##### LISTED ENTRIES

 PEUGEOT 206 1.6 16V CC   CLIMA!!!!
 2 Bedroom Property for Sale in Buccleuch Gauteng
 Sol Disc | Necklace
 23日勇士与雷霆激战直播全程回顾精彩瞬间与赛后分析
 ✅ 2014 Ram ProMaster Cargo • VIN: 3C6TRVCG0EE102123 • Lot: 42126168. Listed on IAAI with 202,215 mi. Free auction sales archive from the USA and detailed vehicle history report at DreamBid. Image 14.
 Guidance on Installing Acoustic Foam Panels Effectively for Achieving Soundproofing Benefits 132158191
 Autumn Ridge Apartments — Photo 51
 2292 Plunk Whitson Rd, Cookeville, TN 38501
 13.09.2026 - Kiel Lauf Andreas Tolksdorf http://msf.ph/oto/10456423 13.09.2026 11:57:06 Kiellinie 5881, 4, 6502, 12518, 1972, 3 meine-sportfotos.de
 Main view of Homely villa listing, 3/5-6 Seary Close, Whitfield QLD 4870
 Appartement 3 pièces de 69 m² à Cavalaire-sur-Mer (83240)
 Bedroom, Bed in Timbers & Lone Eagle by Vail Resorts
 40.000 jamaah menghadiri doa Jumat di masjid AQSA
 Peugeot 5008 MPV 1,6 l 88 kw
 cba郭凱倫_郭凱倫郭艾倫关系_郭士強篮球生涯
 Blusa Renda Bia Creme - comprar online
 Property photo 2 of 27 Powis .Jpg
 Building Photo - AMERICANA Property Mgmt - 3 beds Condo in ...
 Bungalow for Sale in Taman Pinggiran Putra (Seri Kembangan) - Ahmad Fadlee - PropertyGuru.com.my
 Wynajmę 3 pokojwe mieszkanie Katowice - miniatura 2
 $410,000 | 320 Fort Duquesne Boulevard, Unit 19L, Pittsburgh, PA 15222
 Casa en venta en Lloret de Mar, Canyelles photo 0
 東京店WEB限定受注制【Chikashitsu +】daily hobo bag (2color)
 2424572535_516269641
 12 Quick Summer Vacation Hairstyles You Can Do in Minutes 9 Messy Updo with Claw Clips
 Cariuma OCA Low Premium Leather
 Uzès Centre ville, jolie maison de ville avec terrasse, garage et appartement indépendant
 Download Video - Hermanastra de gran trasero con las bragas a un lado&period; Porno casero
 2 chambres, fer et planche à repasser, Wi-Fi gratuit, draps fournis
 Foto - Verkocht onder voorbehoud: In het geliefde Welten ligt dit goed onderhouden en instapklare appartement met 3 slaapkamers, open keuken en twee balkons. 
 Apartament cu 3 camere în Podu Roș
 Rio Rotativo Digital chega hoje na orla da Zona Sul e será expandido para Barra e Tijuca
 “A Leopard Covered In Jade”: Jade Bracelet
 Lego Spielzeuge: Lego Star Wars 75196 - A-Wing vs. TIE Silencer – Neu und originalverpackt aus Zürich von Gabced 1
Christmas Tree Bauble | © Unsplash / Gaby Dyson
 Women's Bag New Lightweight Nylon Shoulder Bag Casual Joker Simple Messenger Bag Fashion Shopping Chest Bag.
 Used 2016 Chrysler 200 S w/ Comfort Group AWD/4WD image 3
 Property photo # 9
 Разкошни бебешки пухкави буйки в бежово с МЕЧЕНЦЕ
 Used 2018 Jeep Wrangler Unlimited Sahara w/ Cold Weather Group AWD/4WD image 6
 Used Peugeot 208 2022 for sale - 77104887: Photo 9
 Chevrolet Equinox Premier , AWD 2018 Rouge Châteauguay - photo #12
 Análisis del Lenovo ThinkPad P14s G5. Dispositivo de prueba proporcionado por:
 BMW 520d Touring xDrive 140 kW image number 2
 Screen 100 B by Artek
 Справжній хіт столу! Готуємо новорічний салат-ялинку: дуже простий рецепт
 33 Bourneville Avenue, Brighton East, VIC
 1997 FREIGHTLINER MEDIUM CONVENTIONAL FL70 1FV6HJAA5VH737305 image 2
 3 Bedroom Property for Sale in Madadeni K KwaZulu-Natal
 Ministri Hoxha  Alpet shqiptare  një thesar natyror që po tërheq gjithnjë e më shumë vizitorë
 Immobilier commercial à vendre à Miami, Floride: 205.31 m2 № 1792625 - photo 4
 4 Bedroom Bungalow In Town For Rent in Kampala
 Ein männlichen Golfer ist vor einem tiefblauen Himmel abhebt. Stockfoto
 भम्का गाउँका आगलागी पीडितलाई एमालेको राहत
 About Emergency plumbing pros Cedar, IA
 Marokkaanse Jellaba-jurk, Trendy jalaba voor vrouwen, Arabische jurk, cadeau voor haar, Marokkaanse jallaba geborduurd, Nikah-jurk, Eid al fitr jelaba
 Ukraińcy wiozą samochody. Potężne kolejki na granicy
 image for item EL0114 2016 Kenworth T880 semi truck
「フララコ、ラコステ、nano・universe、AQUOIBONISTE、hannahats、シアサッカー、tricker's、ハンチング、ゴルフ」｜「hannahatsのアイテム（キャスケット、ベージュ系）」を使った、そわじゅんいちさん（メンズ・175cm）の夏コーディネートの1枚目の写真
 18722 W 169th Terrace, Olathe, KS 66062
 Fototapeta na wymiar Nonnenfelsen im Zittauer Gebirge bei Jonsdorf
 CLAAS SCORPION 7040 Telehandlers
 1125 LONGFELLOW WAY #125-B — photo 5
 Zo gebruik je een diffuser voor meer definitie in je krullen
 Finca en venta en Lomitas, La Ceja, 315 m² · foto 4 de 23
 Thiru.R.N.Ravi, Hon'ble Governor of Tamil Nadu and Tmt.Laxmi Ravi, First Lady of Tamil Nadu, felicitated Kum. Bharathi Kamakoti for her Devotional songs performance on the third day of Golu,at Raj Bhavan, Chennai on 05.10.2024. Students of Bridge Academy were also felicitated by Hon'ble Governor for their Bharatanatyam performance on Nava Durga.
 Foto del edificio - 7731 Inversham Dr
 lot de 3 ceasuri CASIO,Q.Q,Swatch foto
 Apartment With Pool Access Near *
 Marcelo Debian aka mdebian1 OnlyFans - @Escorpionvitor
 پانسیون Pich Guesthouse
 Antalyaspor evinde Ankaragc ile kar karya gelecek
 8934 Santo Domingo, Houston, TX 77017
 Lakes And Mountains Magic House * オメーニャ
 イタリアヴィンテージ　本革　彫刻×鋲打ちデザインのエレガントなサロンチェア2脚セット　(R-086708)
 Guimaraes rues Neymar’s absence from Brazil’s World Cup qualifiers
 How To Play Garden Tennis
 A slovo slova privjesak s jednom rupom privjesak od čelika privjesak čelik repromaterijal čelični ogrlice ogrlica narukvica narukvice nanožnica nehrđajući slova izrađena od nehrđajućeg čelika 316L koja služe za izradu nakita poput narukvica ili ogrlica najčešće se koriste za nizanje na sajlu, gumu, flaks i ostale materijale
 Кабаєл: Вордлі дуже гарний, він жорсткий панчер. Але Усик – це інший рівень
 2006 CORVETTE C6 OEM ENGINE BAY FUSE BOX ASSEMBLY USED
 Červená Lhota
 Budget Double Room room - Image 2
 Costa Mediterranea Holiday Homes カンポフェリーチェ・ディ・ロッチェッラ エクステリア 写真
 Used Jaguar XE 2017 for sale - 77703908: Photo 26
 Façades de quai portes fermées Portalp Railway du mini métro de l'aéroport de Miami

##########

## EXERCISE PROMPT
In the records above, some lines may contain the word "from"; copy every one of them.

## EXERCISE ANSWER
 ✅ 2014 Ram ProMaster Cargo • VIN: 3C6TRVCG0EE102123 • Lot: 42126168. Listed on IAAI with 202,215 mi. Free auction sales archive from the USA and detailed vehicle history report at DreamBid. Image 14.
 Guimaraes rues Neymar’s absence from Brazil’s World Cup qualifiers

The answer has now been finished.